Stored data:
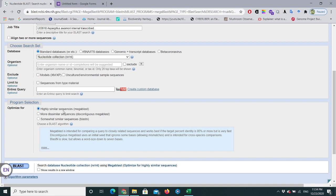Highly similar sequences means your sequences are identical by more than 95%. You can use this option to find similarities between those sequences, so we commonly use MegaBLAST for highly similar sequences. If you have dissimilar sequences, MegaBLAST won't work well. In that case, if you have sequences from different species or across species, you need to select 'More Dissimilar Sequences (Discontiguous MegaBLAST)', which handles mismatches between sequences.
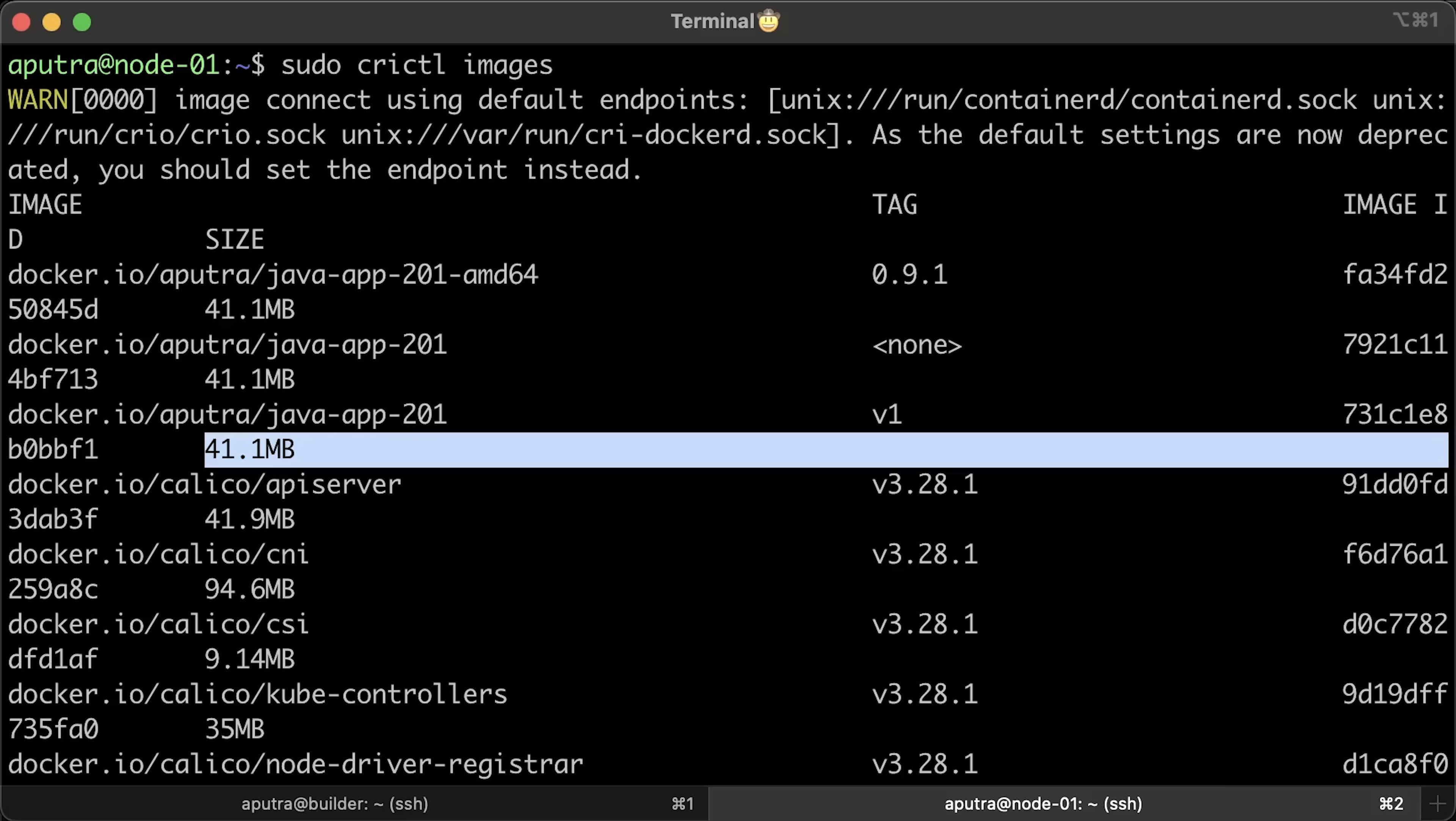However, it's still a fraction of the traditional JVM-based images, which can be up to 1 gigabyte or more. So with Quarkus, you get really small images, but they're still larger than Go images.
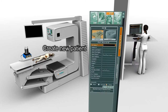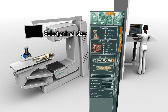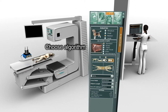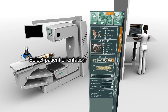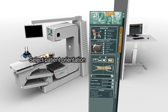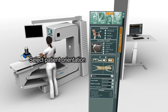Next, create a new study or enter the details of an existing patient as shown. Select the patient size using the icons as reference, choose the desired algorithm, and select the patient orientation on the table relative to the stationary gantry.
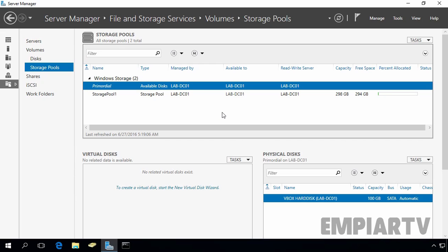Hello friends, in the last video lab, we saw how to create a storage pool in Windows Server 2016. Now, in this video lab, we are going to see how to add a physical disk to an existing storage pool in Windows Server 2016.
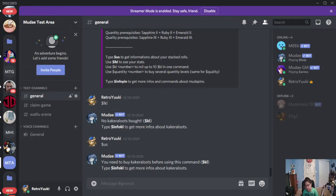Hi everybody, it's TheRetroYugi once again, giving you guys today's Mudae game tutorial, and today we have the Kakara loot.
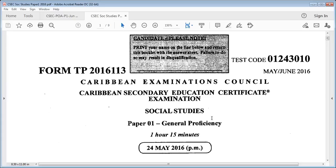Hello everyone and welcome back to my channel. Today we'll be doing the CSEC Social Studies May June 2016 Paper 1. If you are visiting the channel for the first time, pause this video, subscribe, and turn on your notification bell. To my returning subscribers, thank you so much for your support. Please give this video a thumbs up and let us get right into it.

» WHAT IS EXPECTED
Using the data above, print only the lines starting at the one with "Next, create a" and ending at the one with "Hello friends, in", exactly as they stand, minus the pictures.

» SOLVED EXERCISE
Next, create a new study or enter the details of an existing patient as shown. Select the patient size using the icons as reference, choose the desired algorithm, and select the patient orientation on the table relative to the stationary gantry.
Hello friends, in the last video lab, we saw how to create a storage pool in Windows Server 2016. Now, in this video lab, we are going to see how to add a physical disk to an existing storage pool in Windows Server 2016.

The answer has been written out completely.